Spirituality or Materialism? How about Both?
The Jews are a unique people. Unlike many other religions, we do not believe in monasticism. Our great spiritual role models practice kindness to others, not self-flagellation. They rejoice as Hashem commanded on his holidays, and don’t only eat bread and water. In Judaism, we believe that spirituality should be interspersed with materialism, as evidenced in this week’s parsha.
Behar’s first commandment is the commandment of “Shmittah”, the sabbatical year of the land. During shmittah, we do not work the land, nor do we own what grows naturally. Anything that grows can be eaten by anyone who wishes to eat it. The laws of shmittah are complex and intriguing and come to teach us an important concept.

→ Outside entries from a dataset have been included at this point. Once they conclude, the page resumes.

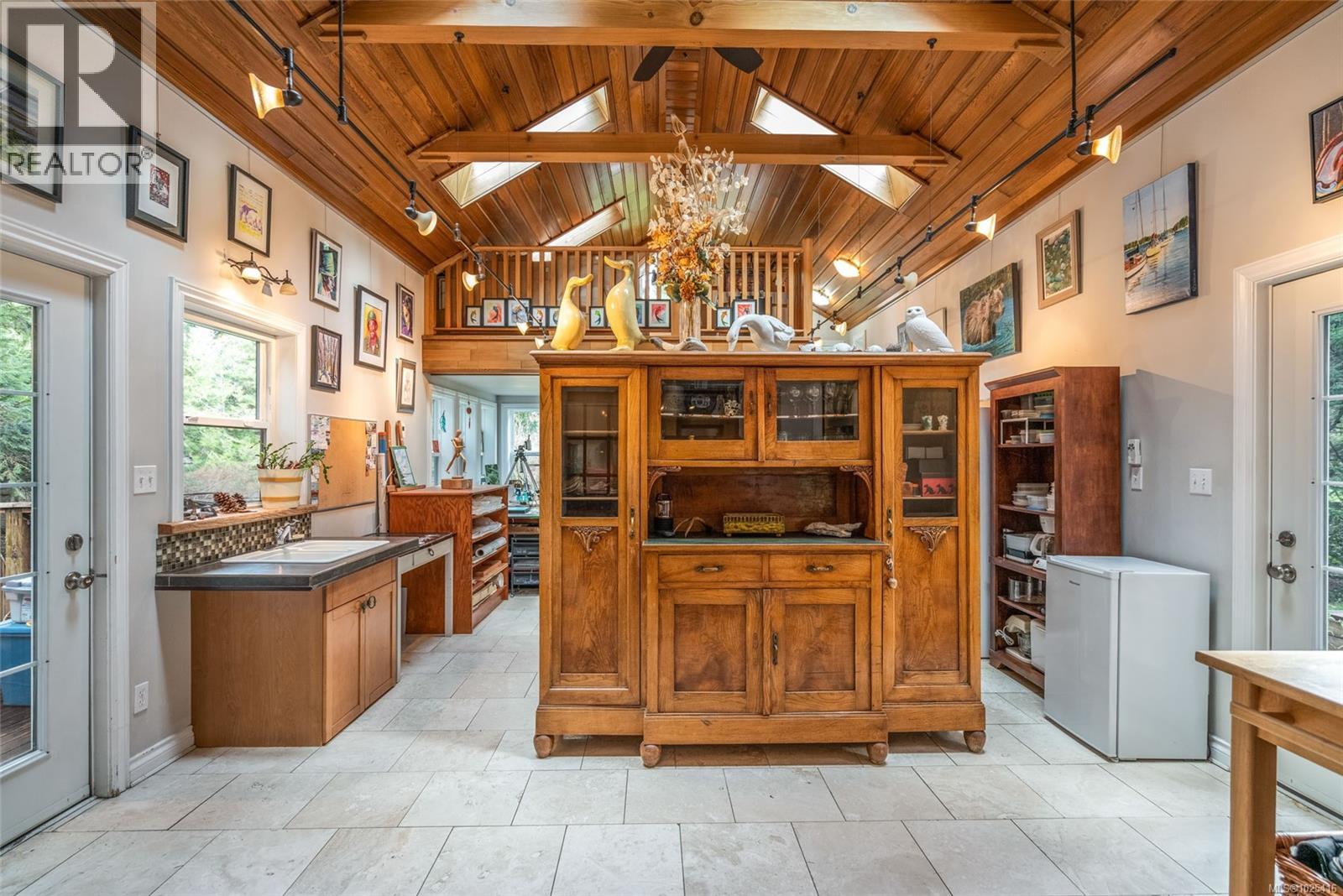 885 Horseshoe Rd, Gabriola Island, British Columbia  V0R 1X3 - Photo 12 - 1025416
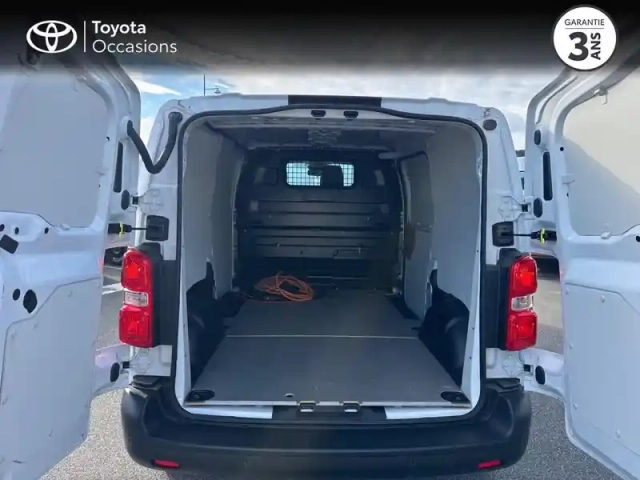 Toyota Proace medium electric 136ch 75kwh start mc24 — photo 10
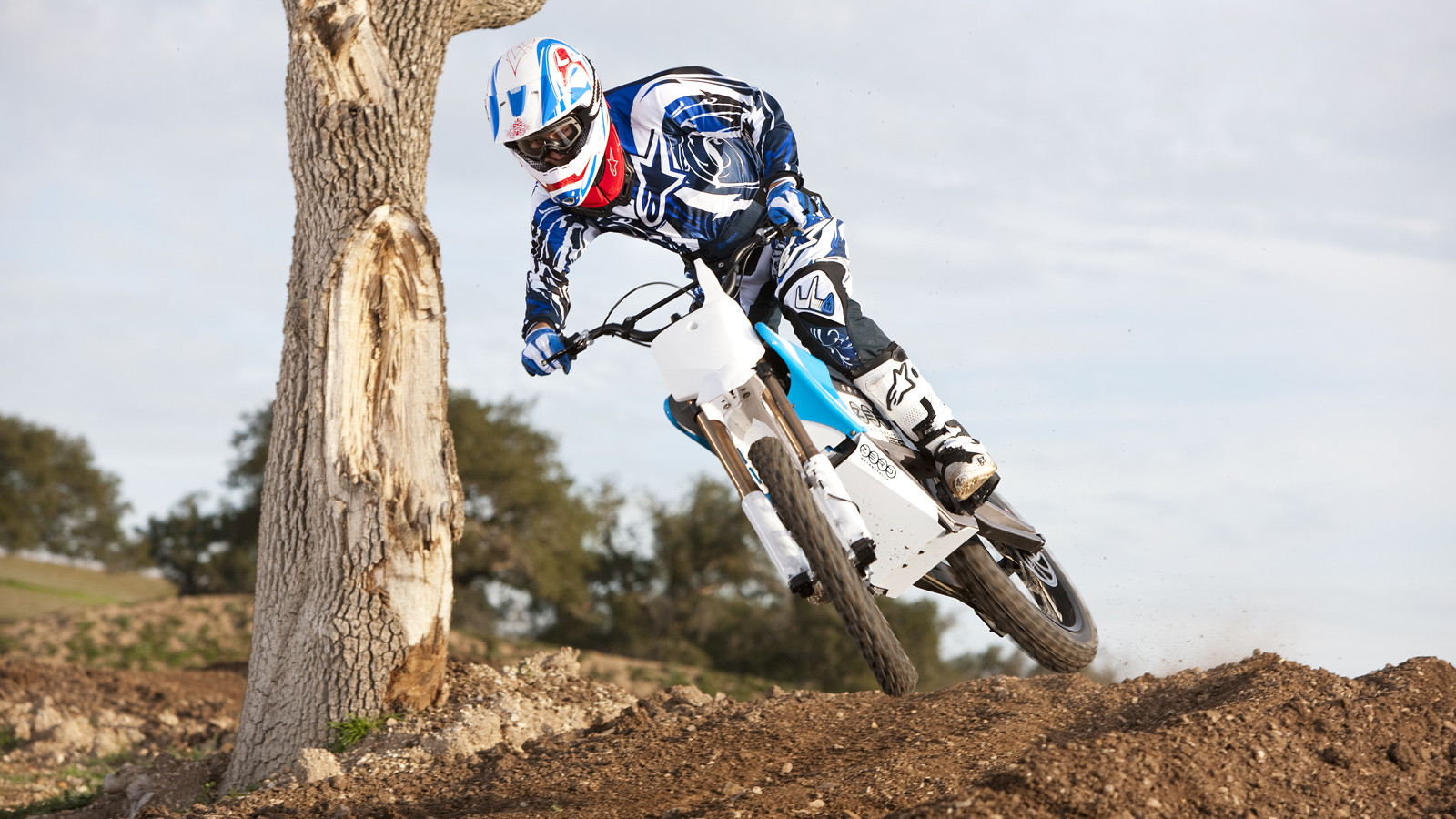 Moto elétrica de trilha em salto, ilustrando categoria da nova MXF Ark 8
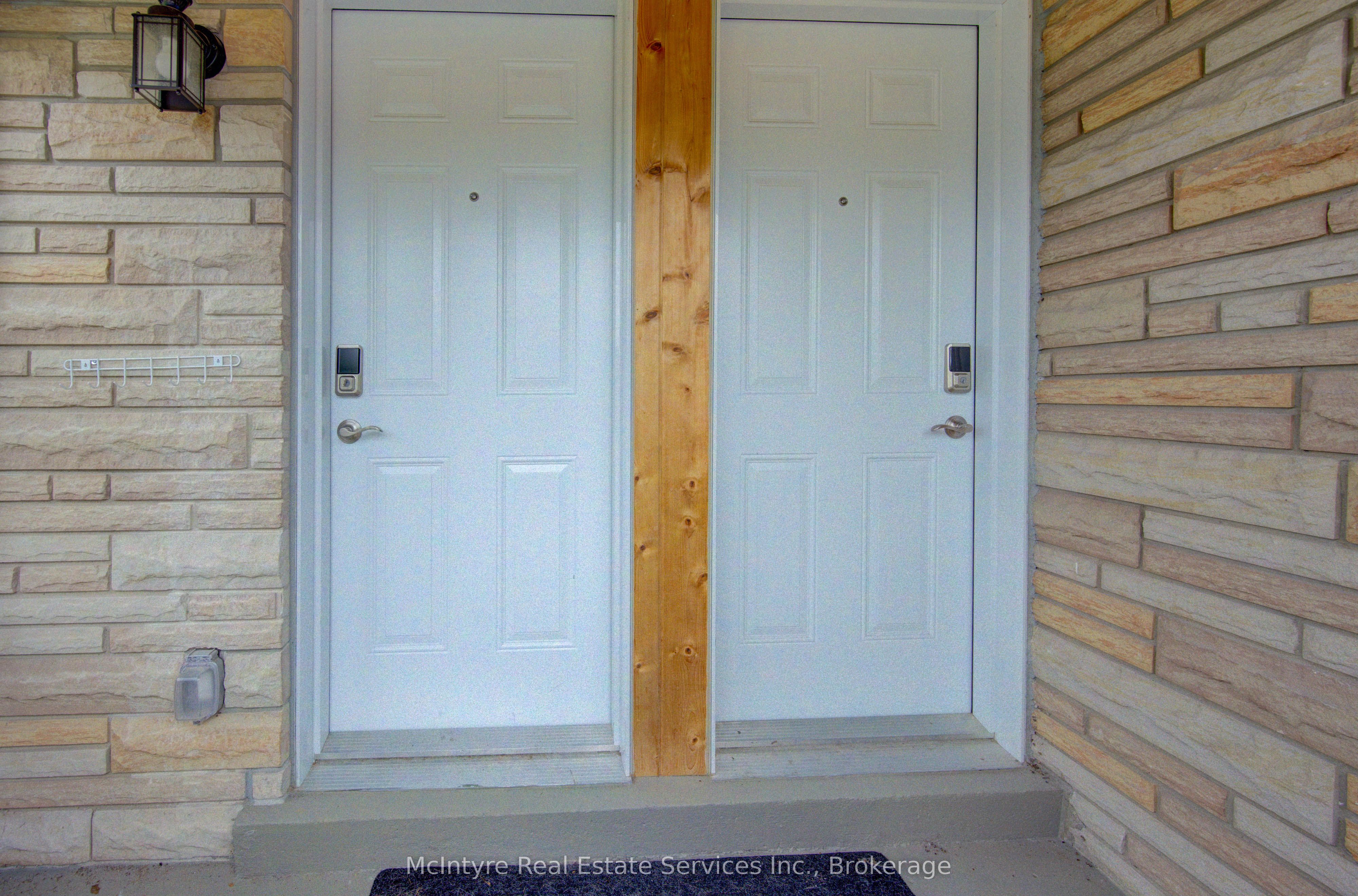 127 Strathcona Crescent Property Photo 26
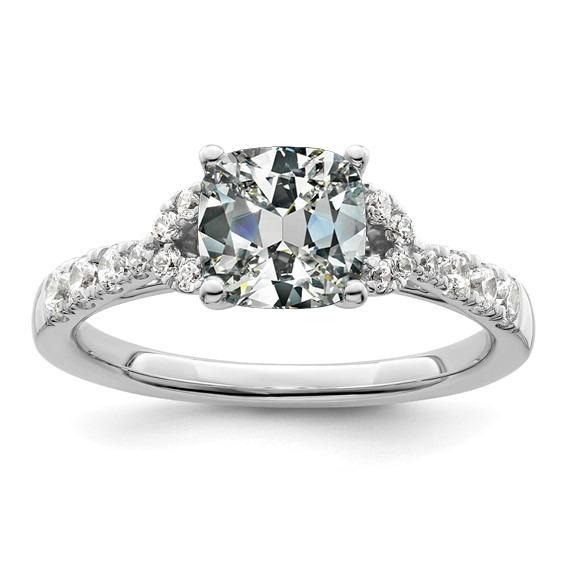 Anello Di Fidanzamento Con Cuscino Di Naturale Diamanti Vecchio Minatore Con Accenti 6,50 Carati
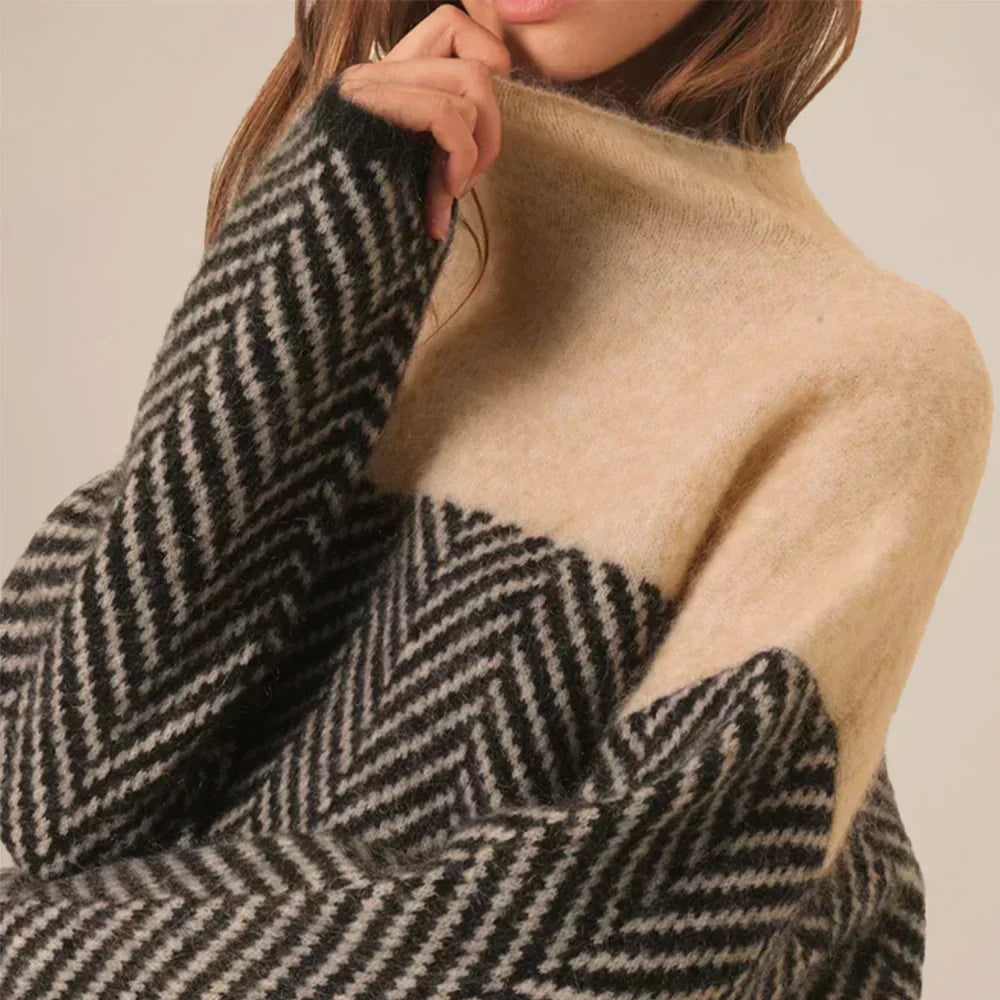 MADISON – ELEGANTE CHEVRON TRUI MET HOGE HALS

The near-abandonment of the fields during this year demonstrates our realization that materialism is not the epicenter of our lives. There are times when it is important to stop striving for material goals and devote oneself to spiritual pursuits. Therefore, shmittah comes every seven years like clockwork, because spirituality is a fixed piece of our lives.
The verse itself teaches us something more – “For six years you shall sow your fields, but the seventh year shall be a rest for the land.” The sentence seems redundant; if the land rests every seven years, obviously it must be worked in the meanwhile. However, the first phrase comes to teach us something very important. It is just as necessary to work for six years as it is to rest on the seventh. The spiritual break is no more important than the material, working life that immediately precedes it. We work for 6 years to celebrate the beauty of G-d’s creation, and to put the tools he gave us to good use. That is why we do materialistic things – we buy good food for Shabbat and beautiful etrogim, we appreciate all the beauty and goodness in G-d’s world in addition to the learning of Torah. In this world, spirituality and materialism go hand-in-hand in order to fully appreciate how fabulous the world G-d made for us truly is.